Dear P.J.: My husband is a Stephen King fan. Has read all his books and needed a new author. We went to the bookstore and found your first Louis Kincaid book. Well, he is hooked and is always looking forward to the next one. Here's the funny part. He doesn't think women can write as good as men. He thinks P.J. Parrish is a black man. I just found out when I went to your website [that you are women]. This is a good one. I can't wait to tell him."

Wish I could say this is rare. But we get a lot of fan letters that come addressed to Mr. Parrish. Most of them, in fact. Whatever the reason -- that our protag is a man or our style hardboiled -- many of our readers assume we are male.

Now I'm a card-carrying feminist. (Well, I would carry one if there WAS a card). And I used to be miffed about this Mr. Parrish thing, believing that I had a duty to carry the standard for female crime writers. (Maybe I did strike a blow for the crime writing sisterhood in the O'Hara household at least.) But you know, after living nearly ten years now as the neuter P.J. Parrish, I no longer take offense. I'll let reader Wade Beeson, in his recent email to us, tell you why:

"As a compliment, I could not decide if you were male or female, as you seem sensitive and understanding of both sexes. Thank you for a provocative read."
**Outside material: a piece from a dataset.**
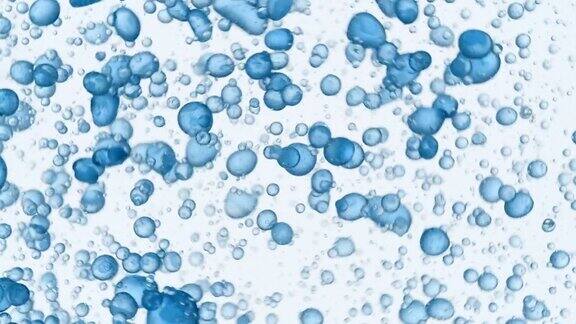 许多不同大小的蓝色气泡在清澈的液体中旋转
The women writing men and men writing women thing is a pretty hackneyed subject. It's dragged out for at least one conference panel a year. And I suspect Joe Konrath, Jerry Healy, T. Jefferson Parker et al, are as tired of explaining how they "do" women as I am tired of talking about how I "do" men.
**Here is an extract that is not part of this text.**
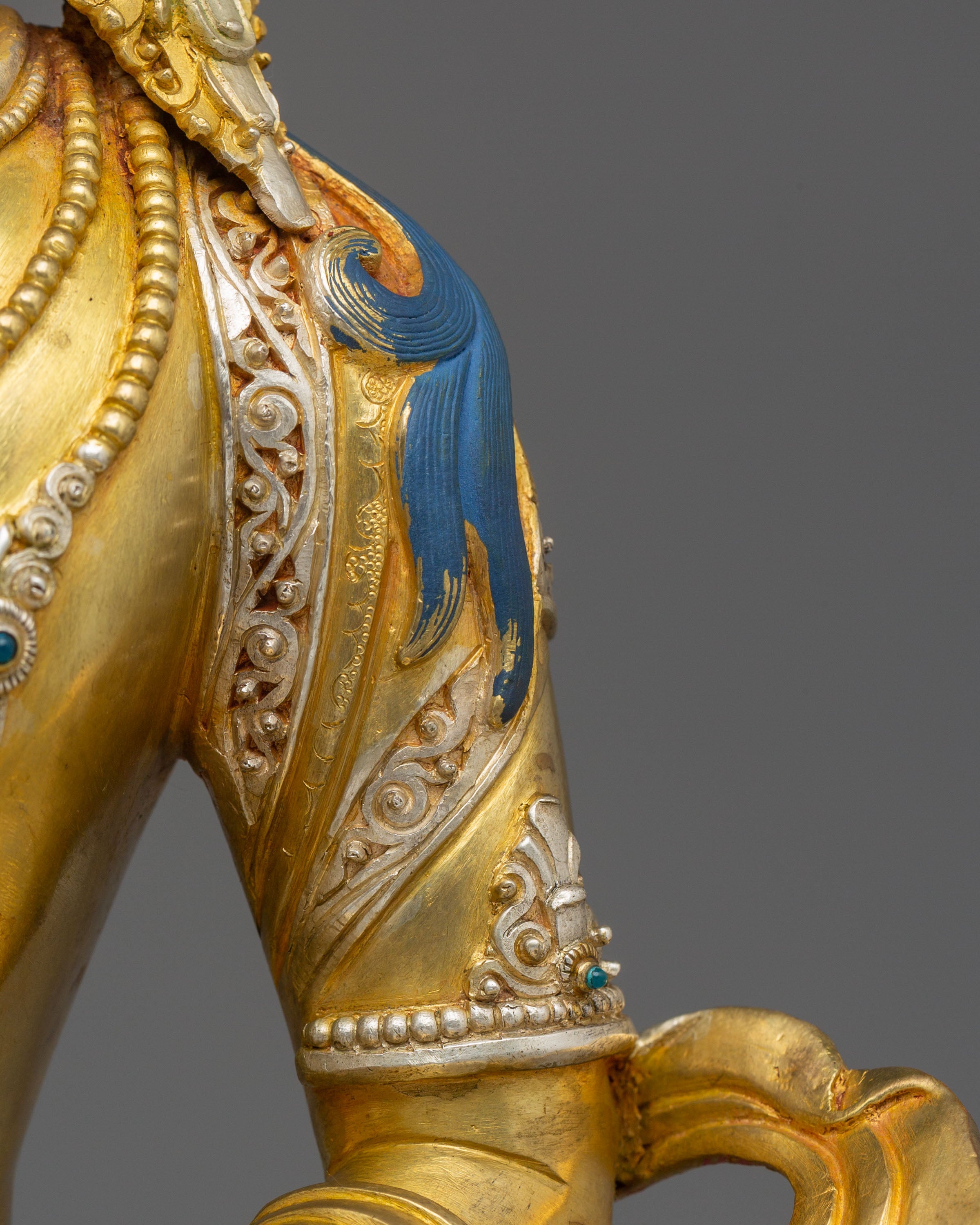 Sacred Golden Amitayus Statue: Handcrafted Tibetan Statue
It boils down to one thing for me: If you can't slip into the skin of another sex (or race or anyone outside your paltry sphere of experience) you have no business even trying to write. Failure to write believable characters of ANY kind is the supreme failure of the imagination.

"Madame Bovary" is one of my favorite books. From the first time I read it, I was awed by Emma. And by her creator's ability to bring her to such vivid life. I mean, I had just run my Visa up buying three pair of Charles Jourdan shoes when my rent was overdue. How did Flaubert know how I got to that nadar?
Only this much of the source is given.